After all this I needed to find a program that I can use to undervolt my CPU on Windows 8.1 64 bit. RMclock doesn't work, but after lots of searching around, I found a program called CPUgenie, that does just wnat I need. It's not free, after the demo version it costs $15, but I think it well worth it.
CPUgenie has an automatic voltage adjusting and testing function. I run the short version of that test, ~3 minutes per voltage, it goes through on all the frequencies starting from 1000 mhz all the way up to 2333 mhz, gradually decreasing the voltage on each frequency level, and setting the lowest safe values. During this test I had two bsod-s (blue screen of deaths), furtunately the program is intelligent enough, and when the sytem restarts and you launch CPUgenie again, it detects that bsod occured due to too low voltage, and offers you the option to set the last tested safe voltage value, and continue the remaining of the test from there.

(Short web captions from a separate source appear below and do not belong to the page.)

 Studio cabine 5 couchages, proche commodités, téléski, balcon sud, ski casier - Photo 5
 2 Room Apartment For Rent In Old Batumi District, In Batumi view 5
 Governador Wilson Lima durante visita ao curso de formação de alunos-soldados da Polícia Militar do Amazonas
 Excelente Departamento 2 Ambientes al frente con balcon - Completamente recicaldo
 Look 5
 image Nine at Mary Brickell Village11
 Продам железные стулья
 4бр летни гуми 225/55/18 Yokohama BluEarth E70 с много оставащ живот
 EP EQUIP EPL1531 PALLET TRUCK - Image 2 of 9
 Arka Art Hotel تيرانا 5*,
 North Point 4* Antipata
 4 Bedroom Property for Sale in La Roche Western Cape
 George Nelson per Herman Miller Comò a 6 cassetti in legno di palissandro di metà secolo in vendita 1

It really saves time, unfortunately this method is still not perfect, at least not the short 3 minute stress tests, as after finishing with all the tests and setting the new lower voltages, I still had a bsod when tried to open Youtube, so I added one extra voltage value manually to most set values, just to be safe. Then I run Pime95, Unigine Valley, and did multiple other things, the system is rock solid now.
Just for your interest here are the values I ended up with, keep in mind these values change from cpu to cpu, so even if you have the same cpu and computer, you need to do your own stress tests, you can't just copy these values, but I thought I can give you an idea that what is achievable:
Frequency factory voltage new voltage
1000 MHz 0.950 V 0.950 V
1333 MHz 1.000 V 0.950 V
1667 MHz 1.050 V 0.950 V
2000 MHz 1.100 V 0.962 V
2333 MHz 1.137 V 1.025 V
So after all this I run a few tests and here are the results:
Ambient room temperature: ~24 celsius
Prime 95: cpu: 74 celsius
gpu: 61 celsius
fan: level 3, 3455 RPM
Prime 95 + Unigine Valley (gpu benchmark progam): cpu: 74 celsius
gpu: 70 celsius
fan: level 3, 3498 RPM
While browsing the internet it stays under the 65 celsius treshold, so there is no fan noise, and because I use an SSD there are no other noises either, the whole system is completely silent. It's absolutely amazing.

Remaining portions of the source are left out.